Source data:
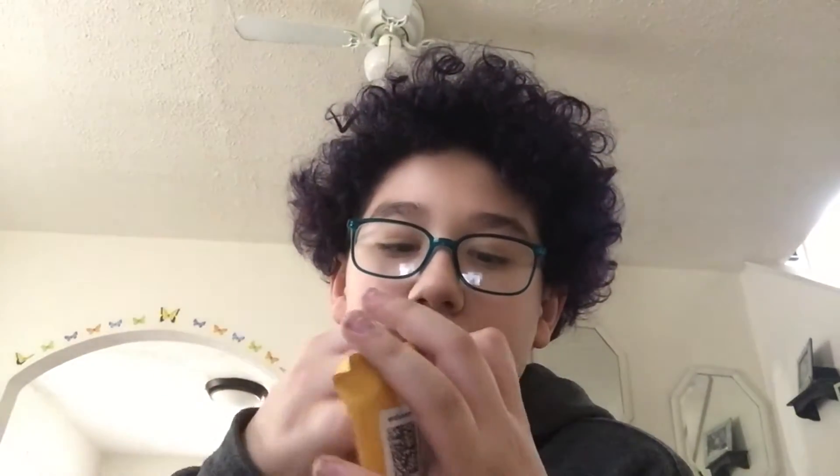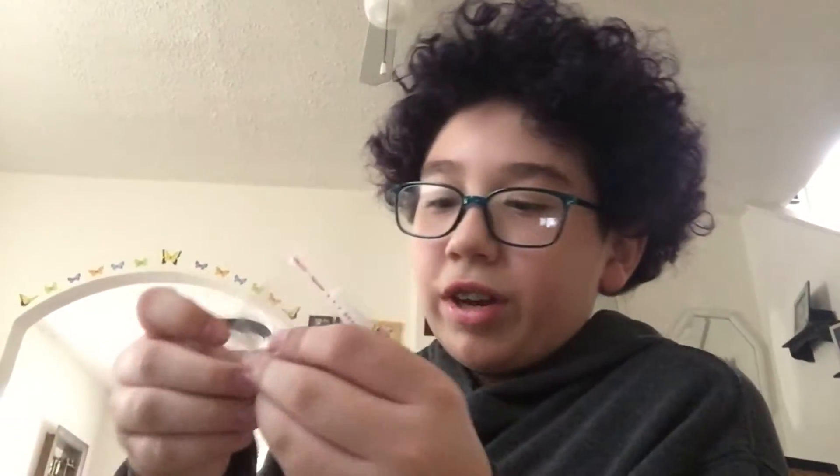I'm gonna open the next two, and hopefully this next one isn't like a maze like the last one. Yo, this is my home button. You guys are probably wondering why I bought an iPhone home button — that's for a future video.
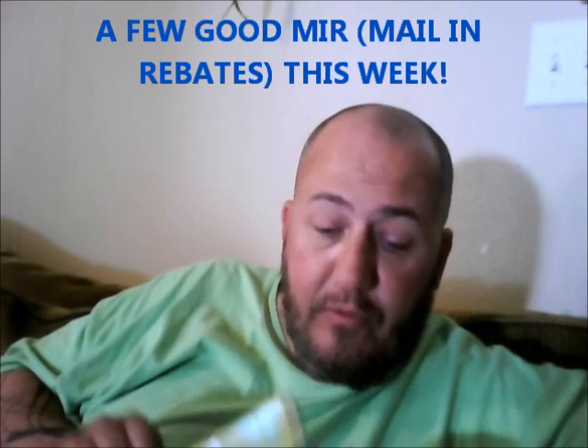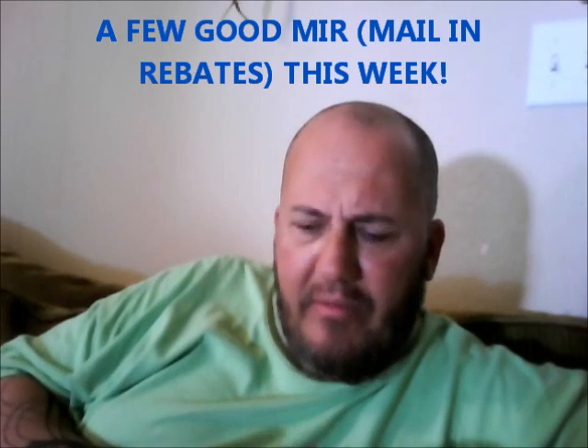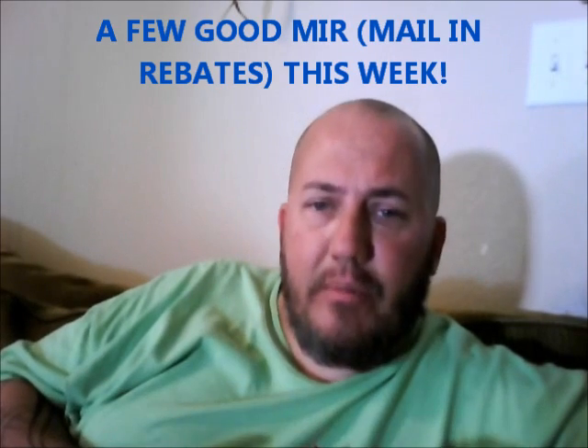Unless you enjoy doing mail-in rebates, there are a few good ones this week. The Cardio juice is $6.99 with a mail-in rebate for $6.99, so it's free. The Finesse shampoo and conditioners also have a mail-in rebate — you can get those free with coupons too. And the Prevacid allergy medicine has a mail-in rebate that makes it a two-dollar money maker.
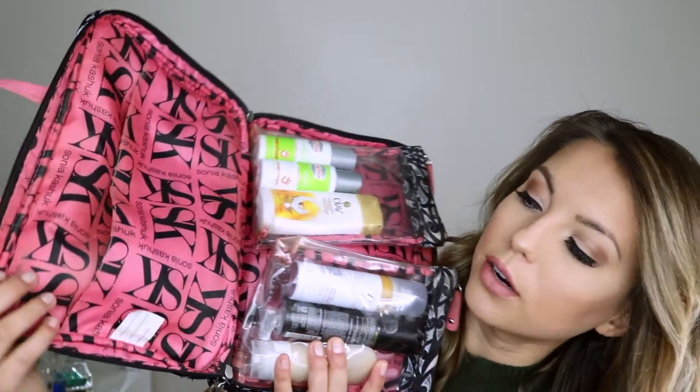The velcro pouches are clear and you can detach them to take to the shower without bringing the whole bag. In the first one I have two sample sizes of shampoo and conditioner that came in my Target Beauty Box — perfect for trying out — plus an Olay body wash. In the other pouch: a Dove dry shampoo that also came in the beauty box, a Tresemmé hairspray, and a little refillable travel size bottle of lotion — I think it's Bath and Body Works Warm Vanilla Sugar in there.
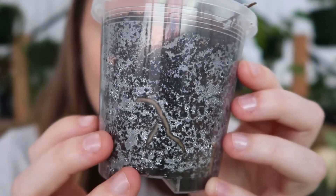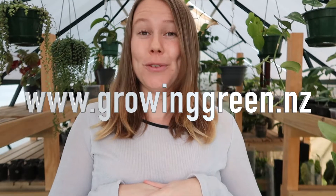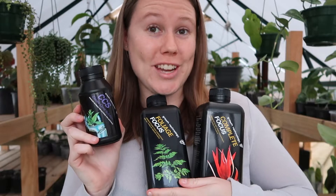Welcome to today's video! My name is Rachel and I run my own small houseplant business here in Auckland, New Zealand — check it out at www.growinggreen.nz. Today's video is all about a brand new product on our website: the Growth Technology range of fertilizers. This has become a cult favorite internationally and it's brand new to the New Zealand market. I've been using it for the last couple of weeks and I've definitely seen a difference.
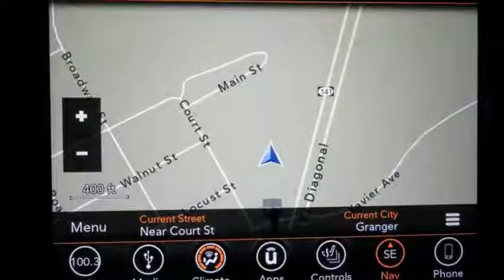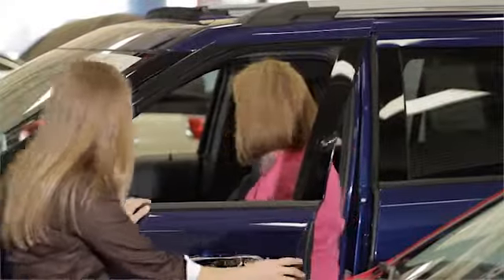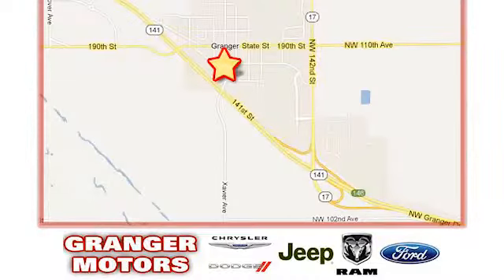The Jeep life fits your life. Take it for a test drive today. At Grainger Motors, we specialize in new and used car sales and service. We look forward to doing business with you. Grainger Motors is conveniently located at 1708 Sycamore in Grainger, Iowa.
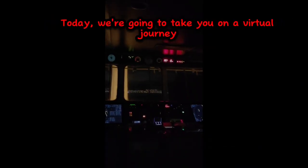Hello friends. Today, we're going to take you on a virtual journey with me to a bustling port in South Africa, Cape Town. As a seasoned navigational officer, I'm here to share some insights into the world of cargo ship anchoring. So buckle up and let's set sail.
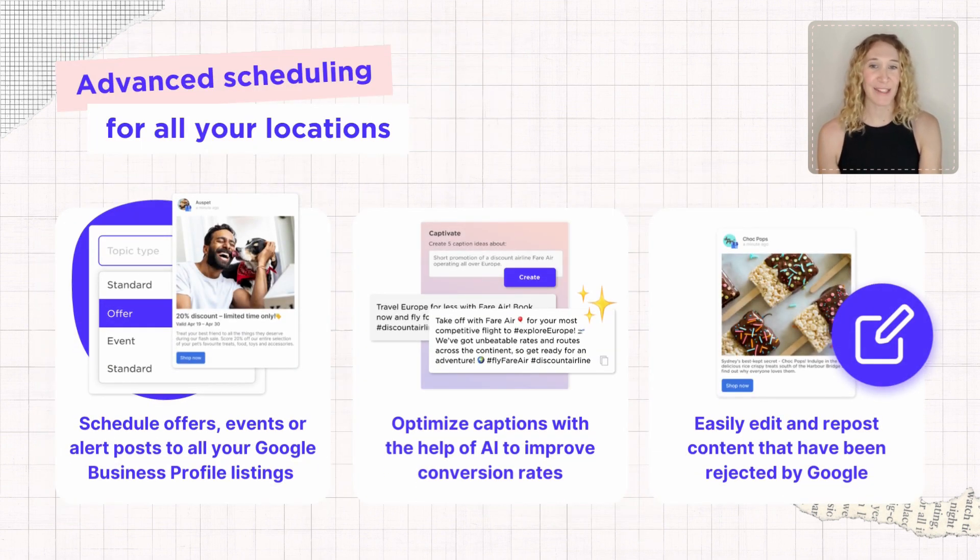Bye-bye to setting alarms for posting. With Sked, you save time by creating a calendar of scheduled posts in advance. If you manage multiple locations, simply schedule a single post and schedule it across all of your locations in one go.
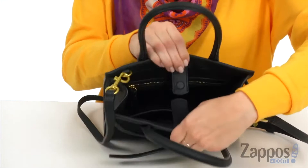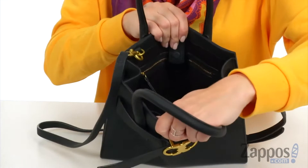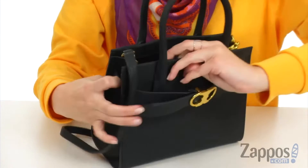The top is an open top, and there is a magnetic snap closure here just to keep it a little more secure. The inside is actually really nice and roomy. The flat bottom gives you that great wide open space, and there is a back wall zipper pocket.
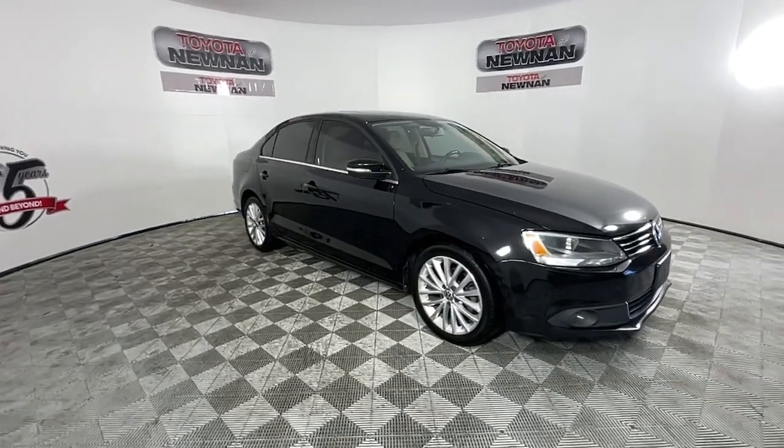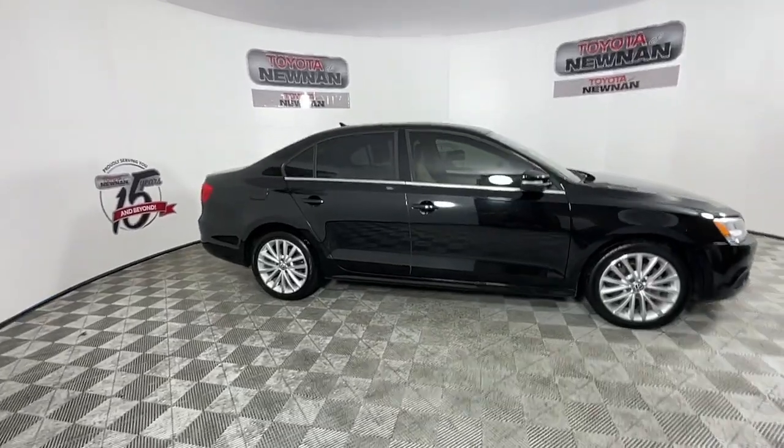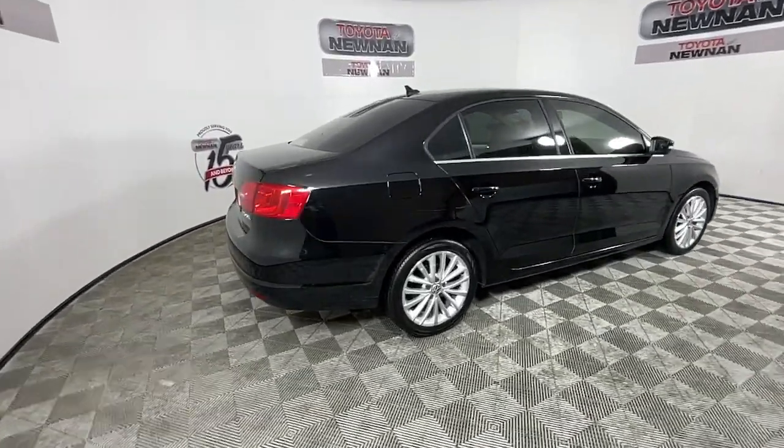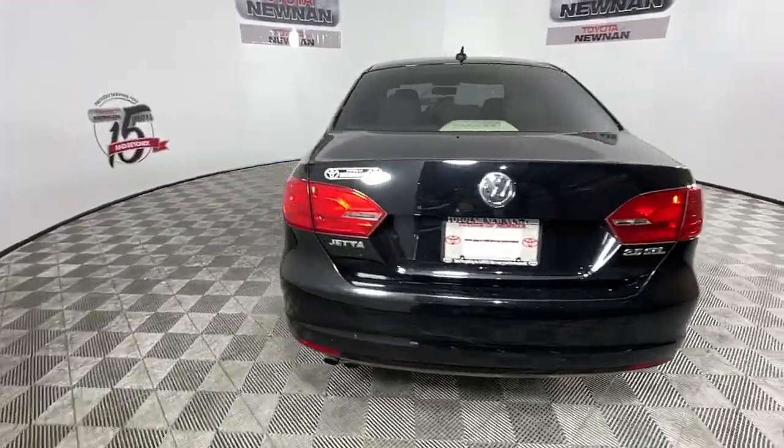You'll have love at first sight with the 2011 Volkswagen Jetta. This vehicle is an outstanding buy with fewer than 200,000 miles on the odometer. Make your daily drive the best it can be in this sleek, modern Jetta.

Exercise instructions → Word for word, restate the lines above from the one with "Hello friends. Today, we're" through the one with "The top is an", keeping both ends and dropping the pictures.

Your solution →
Hello friends. Today, we're going to take you on a virtual journey with me to a bustling port in South Africa, Cape Town. As a seasoned navigational officer, I'm here to share some insights into the world of cargo ship anchoring. So buckle up and let's set sail.
Bye-bye to setting alarms for posting. With Sked, you save time by creating a calendar of scheduled posts in advance. If you manage multiple locations, simply schedule a single post and schedule it across all of your locations in one go.
The top is an open top, and there is a magnetic snap closure here just to keep it a little more secure. The inside is actually really nice and roomy. The flat bottom gives you that great wide open space, and there is a back wall zipper pocket.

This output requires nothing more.